Click on the link to Michaels site.






Toys, toys, toys for boys! This Coronet features a large under-painted face with a silver crown framing the tuning dial. It has a two tone red and white plastic cabinet and textured gold speaker grill. It also features a black and gold cloisonné badge that proudly proclaims ‘2 Transistors’. On the back ‘BOYS RADIO’ is stamped in capitals.

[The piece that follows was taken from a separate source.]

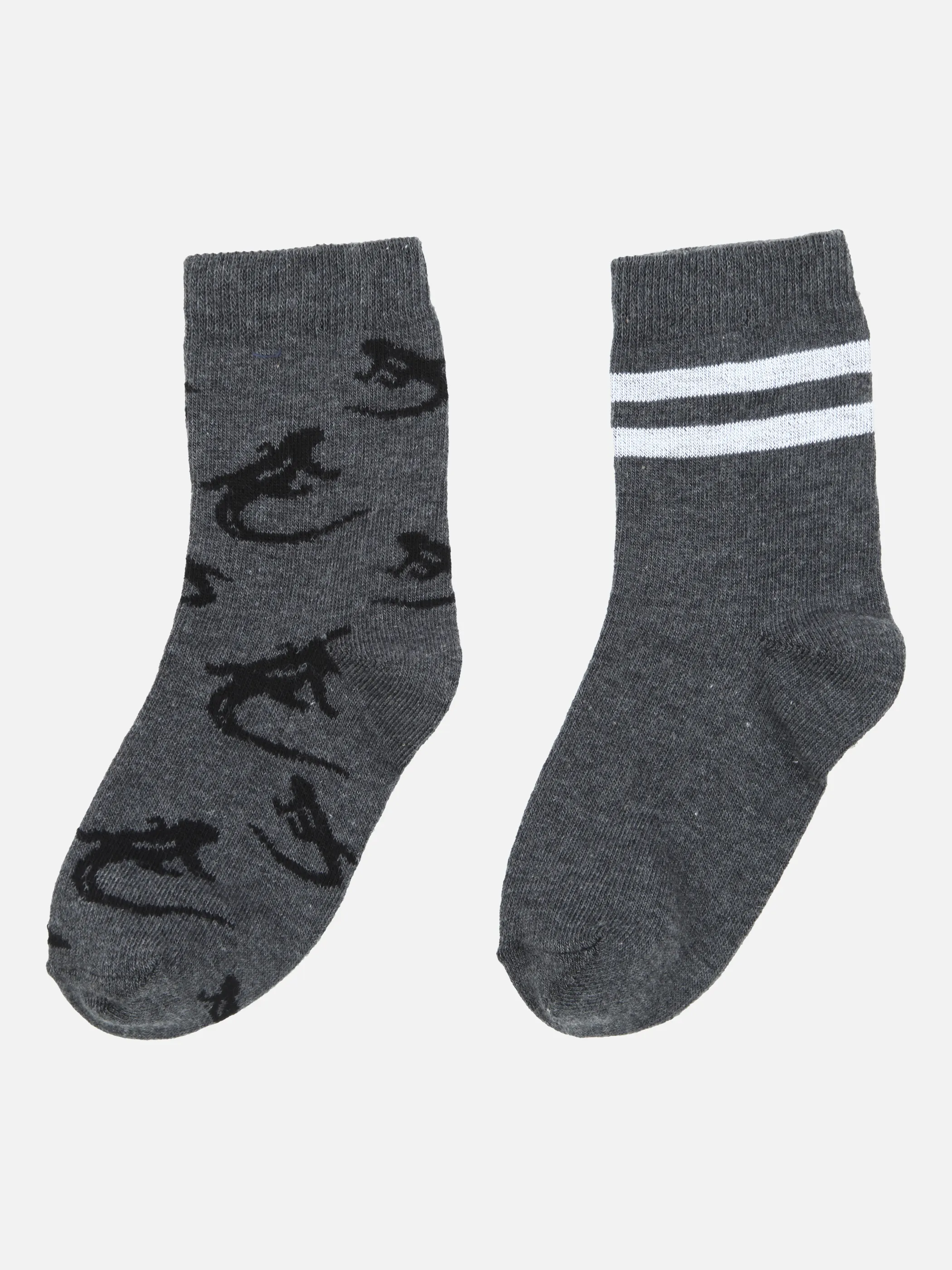 Jungen Socken im 2er Pack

Interestingly this radio is not stamped ‘Japan’ anywhere on the cabinet however it does have an inspection sticker inside stamped Japan. In the 1950’s and 1960’s the USA required foreign electronics to be stamped with their country of origin. Japanese manufacturers were aware of the negative stigma associated with their products in the USA. Many tried to disguise the fact they were made in Japan by stamping it on the back in the smallest allowable font, making it almost unreadable. They were often caught out and their products turned away! A few illegal aliens like this one must have slipped across the border.

Often these boys’ radios are found beat up. After all they were purchased as gifts for children. This one is a real treasure! Its fun to think of it being purchased at a sale on a cold winters evening, happy shoppers scurrying back and forth hunting for the latest bargains from the far east. I can picture it being unwrapped on Christmas day by an overly excited teen as Mum, Dad and the siblings look on. Imagine receiving your first transistor radio in 1960, climbing into your tree house and listening to the latest offering from Elvis or Chubby Checker! I wonder if the original owner remembers the joy of receiving this beautiful little red and white radio….

I have seen a vintage advertisement for this radio in a December 4th, 1961 edition of the Milwaukee Journal. It went like this:





All transistor radio with self contained speaker.

Telescoping antenna for added pulling power.

Earphone for private listening.

Plastic carrying case.

Nicely gift boxed.


Smartly styled in high impact plastic in two-tone colors with rich gold-tone grill.

Boston Store, Toys, Downtown, Bay Shore, Point Loomis.








This Coronet comes with a fantastic looking gold gift box. Inside the box is an extendable aerial, Warranty Card and black vinyl case.









This Coronet boys’ radio uses two Matsushita transistors. It has a rather small schematic diagram inside.